To understand the moral courage that underlies the Kano First Initiative, one must first understand the political inheritance that Governor Yusuf carried into office. He did not arrive at Government House, Kano, as a political outsider unburdened by prior obligations and free to govern purely on the basis of his own convictions. He arrived as a product of a political movement, as a leader whose rise had been enabled by a coalition of forces, interests, and personalities whose expectations did not always align with the needs of the twenty-two million citizens whose welfare his oath of office placed in his hands. The tension between those expectations and those needs, between the claims of political loyalty and the demands of public service, is one that every Nigerian governor faces to some degree. What distinguishes Governor Yusuf’s story is not that he faced this tension, but what he chose to do when it became impossible to navigate it without choosing a side.
He chose his people. And that choice, made at considerable personal and political cost, is the foundation on which the entire moral architecture of the Kano First philosophy rests.
The financial scandals that emerged in the early period of his administration, the billion-naira deductions imposed on local governments, the Novamed controversy that drained hundreds of millions from the state’s healthcare resources, were not merely governance crises. They were personal trials of a particularly painful kind. Here was a governor, widely regarded even by his critics as genuinely humble, intellectually serious, and personally committed to the welfare of Kano’s people, discovering that the machinery beneath him had been partially rewired to serve interests other than the ones he had been elected to serve.
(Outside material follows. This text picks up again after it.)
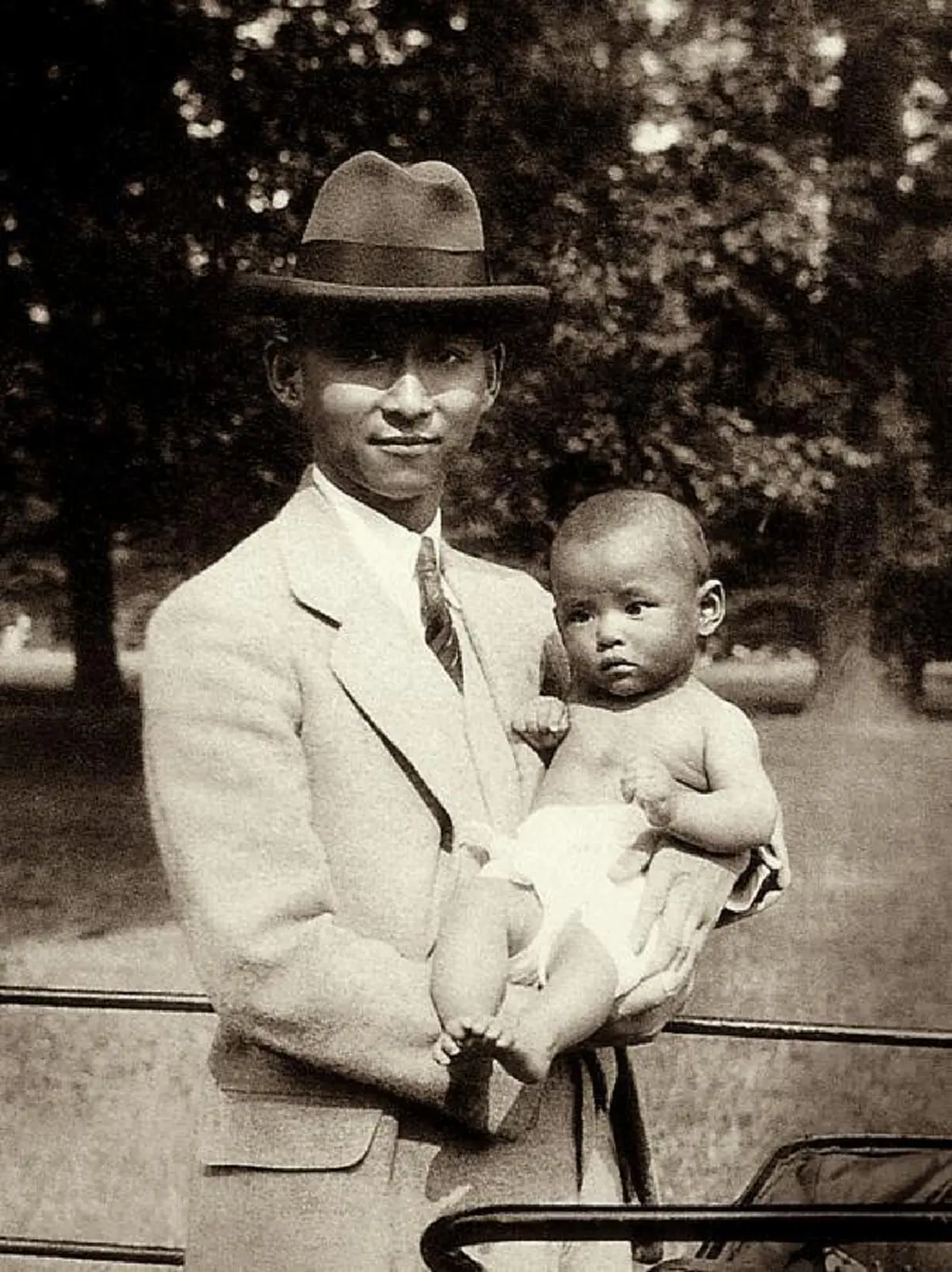 น้อยคนนักที่จะรู้!! พระนามแรกประสูติ ของ "ในหลวงรัชกาลที่ 9" และความเป็นมาแต่ละพระนาม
His public acknowledgement that he had not been fully aware of the transactions in question was seized upon by political opponents as evidence of weakness or incompetence. It was, in fact, something considerably rarer in Nigerian public life: an honest man’s honest admission that he had been deceived by those he trusted.
Consider for a moment what that moment must have felt like. A governor who came to office with genuine idealism, with a sincere desire to honor the trust that millions of Kano citizens placed in him, confronted with the reality that the very people positioned closest to the levers of power were using those levers for purposes that betrayed everything he stood for. The temptation in such a moment, particularly for a leader whose political survival depended on maintaining the unity of a broad and sometimes fractious coalition, would have been to minimize, to manage, to find a quiet accommodation that preserved the alliance without confronting the rot. That is, after all, what Nigerian political culture most frequently rewards. Confrontation is costly. Accommodation is comfortable. And the short-term arithmetic of political survival almost always favors the comfortable choice.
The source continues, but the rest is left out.